Aku duduk tepat di sebelah Armand, yang masih tergeragap. Dia berusaha menyingkirkan botol-botol minuman di meja. Satu botol berhasil aku raih.
“Za, buat apa?” kami sama-sama memegang botol kaca yang masih terisi penuh. Dia setengah merebut.
“Aku haus, mau minum,” botol itu kupertahankan paksa.
“Ini tidak cocok untukmu.” Ke dua bola matanya seolah ingin melompat.

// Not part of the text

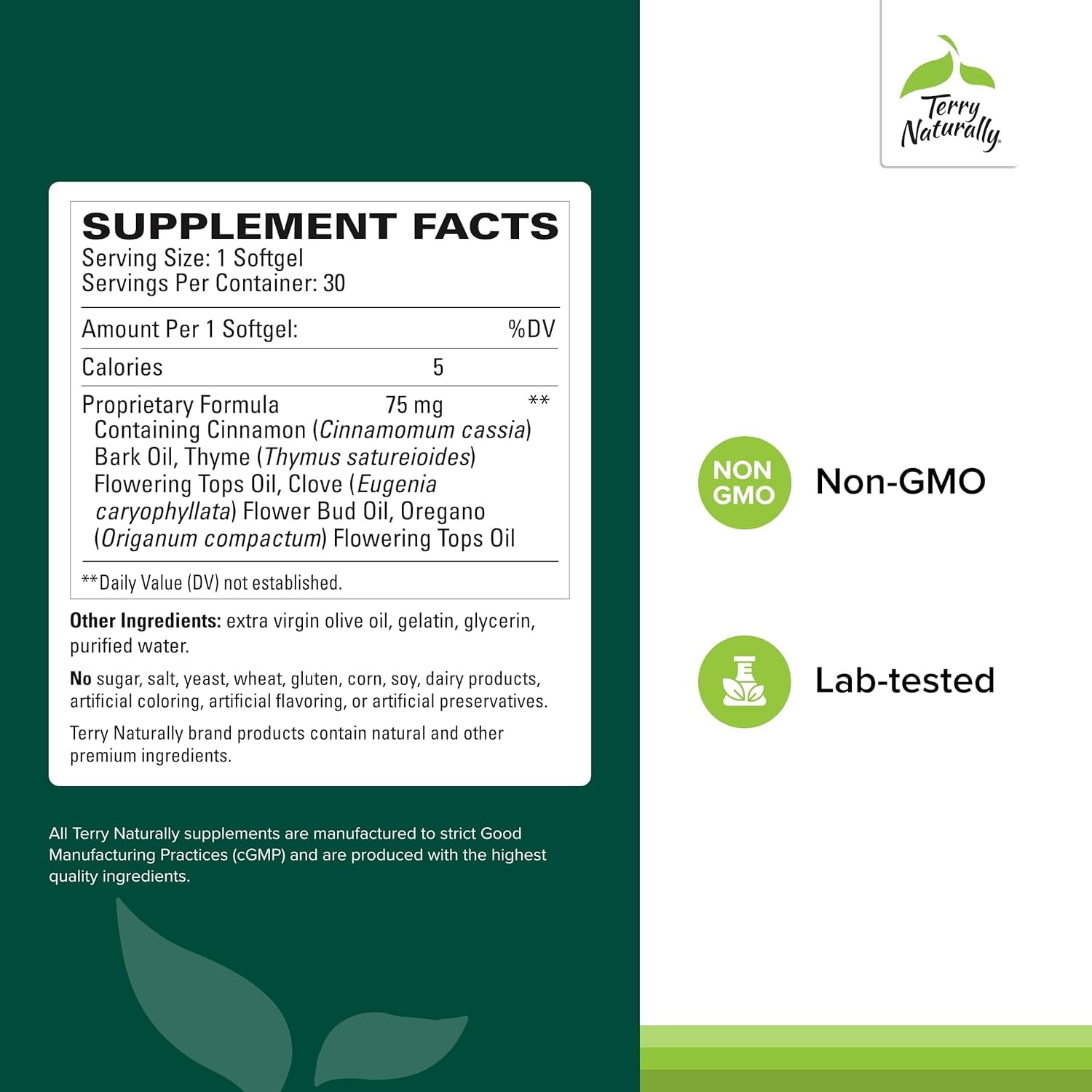 Terry Naturally Bacteril - Intestinal Support Supplement with Clove, Cinnamon, Thyme & Oregano - Immune Support Supplement with Antioxidant Support - Intestinal Support - 30 Softgels Terry Naturally uk supplements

Aku merebut dan mengamankan botol tepat ke samping.
“Kalau kamu minum, kenapa aku enggak!” tukasku tajam.
“Kuambilkan air putih.”
“Aku mau ini!”
“Za, jangan … aku mohon.” Seketika kutegak dengan mantap isi air jahanam itu. Fyuh ... tidak ada enaknya sama sekali. Kerongkonganku bagai terbakar. Baunya persis seperti air kencing hewan. Bagaimana bisa mereka menyukai minuman seperti ini.
“Hentikan, Za!” Armand berusaha merebut botol di tanganku. Aku tidak menyahut, dan terus menegak minuman itu. Tidak terukur dan ada sensasi sendiri yang mulai merayap ke tubuh kemudian menjalar ke otakku. Armand pasrah, tak ada yang bisa dia lakukan selain mematung dan menatap lamat dengan penuh penyesalan.
“Kamu tahu, Armand. Selama ini aku hanya menginginkan uang darimu.” Astaga! kata-kata ini seolah meluncur tanpa hambatan dari bibirku yang telah tersapu oleh air yang kusebut kencing hewan. Setengah sadar, setengah frustrasi, setengah menyesal. Ingin sekali kutarik kalimat tadi. Bagaimana mungkin aku bisa seceroboh ini.
Roman wajah Armand seketika berubah. Matanya memerah dan berkilat tajam. Napasnya turun naik. Aku bingung atas ucapanku sendiri. Mungkin memang iya, tapi … arrrghhhh, apa yang sudah aku perbuat!!!
“A-a-ku.” Rasanya suaraku tercekat di tenggorokan, tak mampu melanjutkan. Air jahanam ini sepertinya telah membakar sebagian vita suaraku, mungkin juga otakku.
“Terima kasih, Za. Terima kasih atas kejujuranmu.” Suaranya tertahan, seakan sesuatu sedang menggumpal-gumpal di dadanya. Ya Tuhan, apa tadi aku sedang mabuk? Secepat itu? Tapi aku masih sadar, aku masih kuat, hanya saja, kata-kata dalam otakku sungguh tidak bisa dikontrol.
Suasana masih sangat kaku, saat Ibunda Fanny, Tante Ria tiba di depan pintu. “Armand, kamu dicari Bapakmu, katanya sudah lama tidak pulang.”